Soon after entering the Sith Temple on Malachor Ezra is isolated from Ahsoka and Kanan, but he is not alone for long. Almost immediately he comes across a figure he didn’t know he was looking for. “Put down your weapon, I mean you know harm” says the frail and weak shadow that we soon recognise as Maul appropriating Yoda’s lines from The Empire Strikes Back. The fact that Maul uses Yoda’s dialogue at various points throughout his wandering with Ezra through the Temple is a good example of the rhyming within Star Wars. Not only is this a nod to a fan-favorite sequence from one of the most beloved movies in the franchise, but it adds direct narrative meaning to what we are seeing unfolding in front of us. Maul is old and weak, though maybe not as old and weak as he wants to appear to be. Maul is deceiving Ezra, but in a way that could just as well be a test rather than with malicious intent. Maul is seeking to train Ezra even though Ezra does not yet realise he has met a potential Master. But most of all, Ezra will be put to the test and will have nothing to fear … except that which he brings with him.
The way in which Ezra’s dark side training begins is natural, not a moment does it feel forced. The internal resistance you might feel as a viewer is because you don’t want Ezra to turn dark but you fear that maybe it is already to late. Maul and Ezra work together to find the holocron hidden in the Temple and at times it seems this is as much a learning experience for Maul as it is to Ezra. When they come together again with Ahsoka and Kanan, Maul is ready to cast off his disguise and show his true nature. By that time Ezra is convinced that the enemy of your enemy can indeed be your friend, for the time being, and that Maul sees his potential in a way that Kanan does not, cannot or wants not see.
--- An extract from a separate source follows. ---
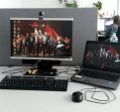 Schreibtisch im Büro Schreibtisch im Büro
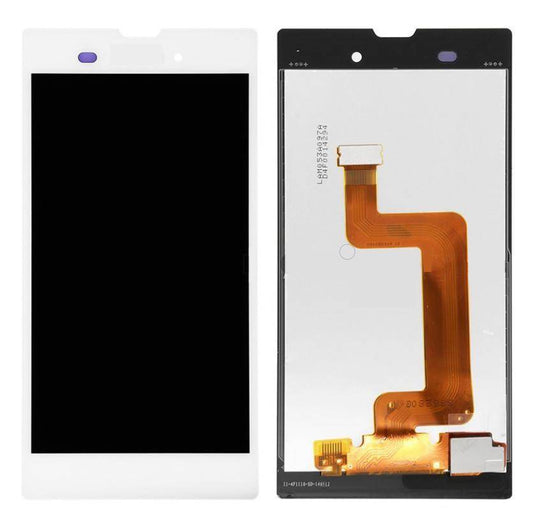 Sony Xperia T3 LCD Touch Digitiser Screen Assembly - Polar Tech Australia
This is what it is like to be Kanan at the moment: “You have left the Temple on Lothal with in your heart the admission that you cannot protect Ezra. Train him best as you can is all you can do. You know your abilities are limited but you also know that as a true knight of the Order you are taking your legitimate place by standing up for it, guarding it and defending it. There are many futures you cannot see, but to do what is right in the now and here you do not need that sight. So though Master Yoda has ordered you to a place where you were trained never to go, you trust in that direction and stay on your guard. That is what goes on in your mind as you walk towards the entrance of the Sith Temple on Malachor.”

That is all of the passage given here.